In 1960, I woke up one morning with six hungry babies and just 75 cents to my name. The boys ranged in age from 3 months to 7 years; their sister was 2. Their father was gone. He had never been much more than a presence they feared. Whenever they heard his tires crunch on the gravel driveway, they would scramble to hide under their beds. He did manage to provide $15 a week to buy groceries. Now that he had decided to leave, there would be no more beatings, but no food either. If there was a welfare system in southern Indiana at that time, I certainly knew nothing about it.
I scrubbed the kids until they looked brand-new and then put on my best homemade dress, loaded them into our rusty old ’51 Chevy, and drove off to find a job. The seven of us went to every factory, store, and restaurant in our small town. No luck. The kids stayed crammed in the car and tried to be quiet while I tried to convince whoever would listen that I was willing to learn or do anything. I needed a job, but no one would hire me.
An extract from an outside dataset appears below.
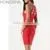 Western Party Wear Bodycon Bandage Dress 2015 Designer One Piece Women Party Dress HSD1217 photo-2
The last place we went, just a few miles out of town, was an old Root Beer Barrel drive-in that had been converted to a truck stop. It was called the Big Wheel. An old lady named Granny owned the place, and she peeked out the window from time to time, looking at all those kids. She needed someone to work the graveyard shift,11:00 at night until 7:00 in the morning. She paid 65 cents an hour, and I could start that night. I raced home and called the teenager down the street who babysat for people. I bargained with her to come and sleep on my sofa for a dollar a night. She could arrive in her pajamas and the kids would already be asleep. This seemed like a good arrangement to her, so we made a deal. That night when the little ones and I knelt to say our prayers, we all thanked God for finding a job for mommy.
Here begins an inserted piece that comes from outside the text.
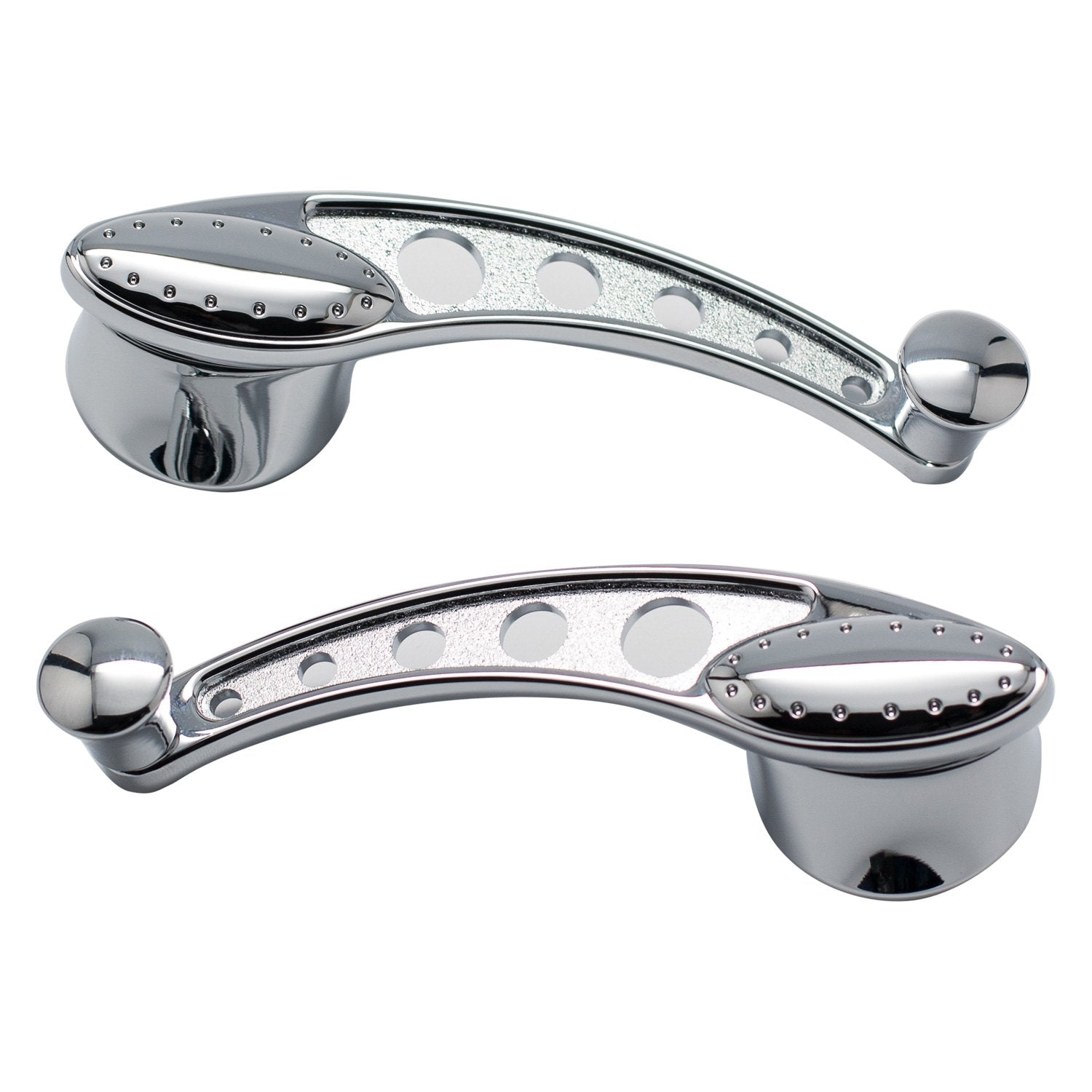 Clayton Machine Works Chrome Window Cranks (Pair)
And so I started at the Big Wheel. When I got home in the mornings, I woke up the babysitter and sent her home with one dollar of my tip money—fully half of what I averaged each night. As the weeks went by, heating bills added a strain to my meager wage. The tires on the old Chevy had the consistency of penny balloons and began to leak. I had to fill them with air on the way to work and again every morning before I could go home. One bleak fall morning, I dragged myself to the car to go home and found four new tires in the back seat. New tires! There was no note, nothing, just those beautiful brand new tires. Had angels taken up residence in Indiana, I wondered? I made a deal with the local service station; in exchange for his mounting the new tires, I would clean his office. I remember it took me a lot longer to scrub his floor than it did for him to do the tires.
I was now working six nights a week instead of five, and it still wasn’t enough. Christmas was coming, and I knew there would be no money for toys for the kids. I found a can of red paint and started repairing and painting some old toys, then hid them in the basement so there would be something for Santa to deliver on Christmas morning. Clothes were a worry, too. I was sewing patches on top of patches on the boys’ pants, and soon they would be too far gone to repair.
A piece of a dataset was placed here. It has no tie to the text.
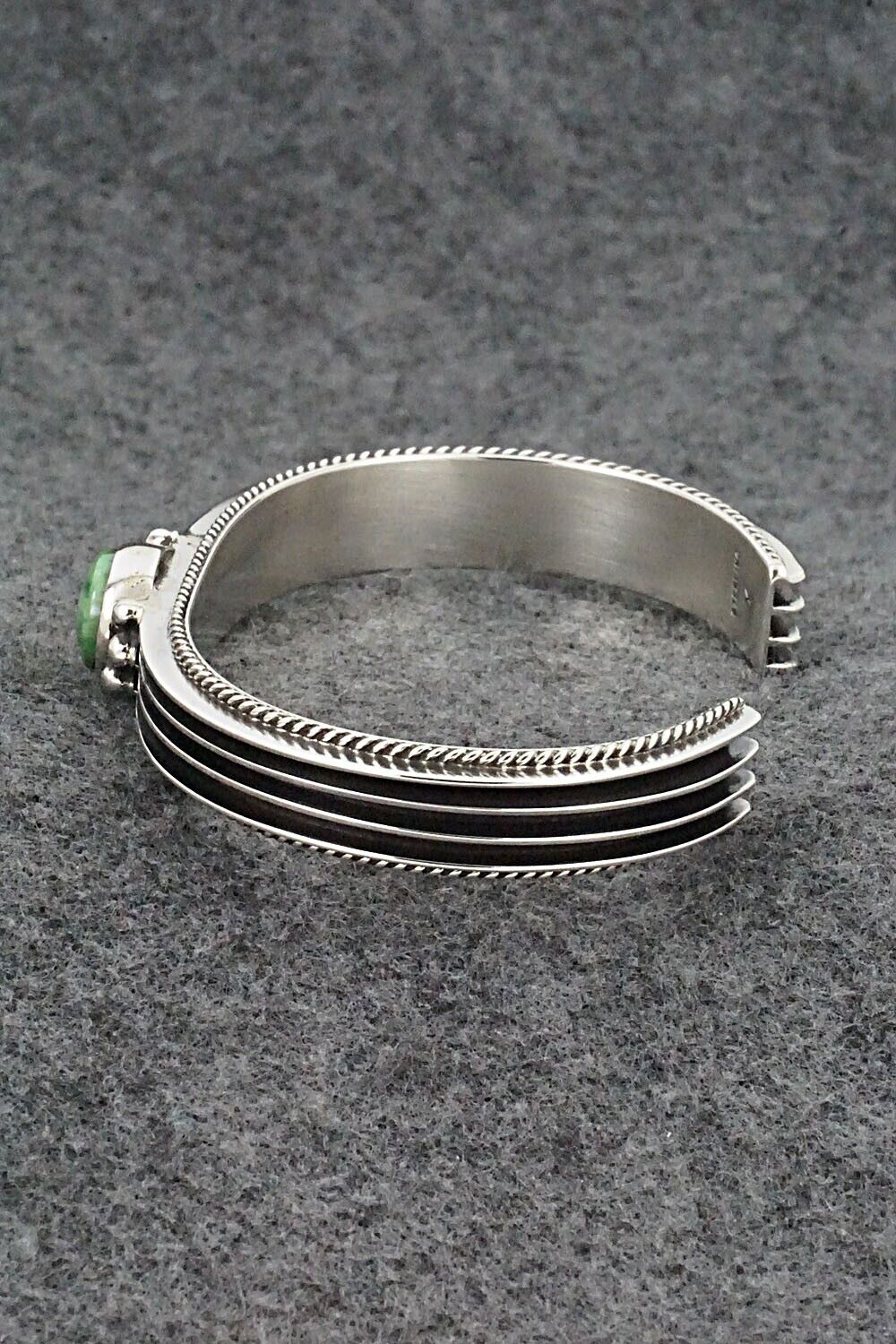 Turquoise & Sterling Silver Bracelet - Darrell Yazzie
On Christmas Eve, the usual customers—truckers Les, Frank, and Jim and state trooper Joe—were drinking coffee at the Big Wheel. A few musicians were hanging around after a gig at the Legion and were dropping nickels in the pinball machine. The regulars all just sat around and talked through the wee hours of the morning and then left to get home before the sun came up. When it was time for me to go home at 7:00 a.m. Christmas morning, to my amazement, my old battered Chevy was filled to the top with boxes of all shapes and sizes. I quickly opened the driver’s door, crawled inside, and kneeled in the front facing the back seat. Reaching back, I pulled the lid off of the top box. Inside was a whole case of little blue jeans, sizes 2-10! I looked inside another box; it was full of shirts to go with the jeans. Then I peeked inside some of the other boxes. There was candy and nuts and bananas and bags of groceries. There was an enormous ham for baking, and canned vegetables and potatoes. There was pudding and Jell-O and cookies, and pie filling and flour. There was a whole bag of laundry supplies and cleaning items. And there were five toy trucks and one beautiful doll. As I drove home through empty streets as the sun slowly rose on the most amazing Christmas Day of my life, I was sobbing with gratitude. And I will never forget the joy on the faces of my little ones that precious morning.
Yes, there were angels in Indiana that long-ago December, and they all hung out at the Big Wheel truck stop.
I believe that God only gives us three answers to prayer: “Yes!” “Not yet,” and “I have something better in mind.” God still sits on His throne; the devil is a liar. You may be going through a tough time right now, but God is getting ready to bless you in a way that you cannot imagine.
“Father, I ask you to bless my friends and relatives. Show them a new revelation of Your love and power. Amen.” This prayer is powerful, and prayer is one of the best gifts we receive. There is no cost but a lot of rewards. Let’s continue to pray for one another.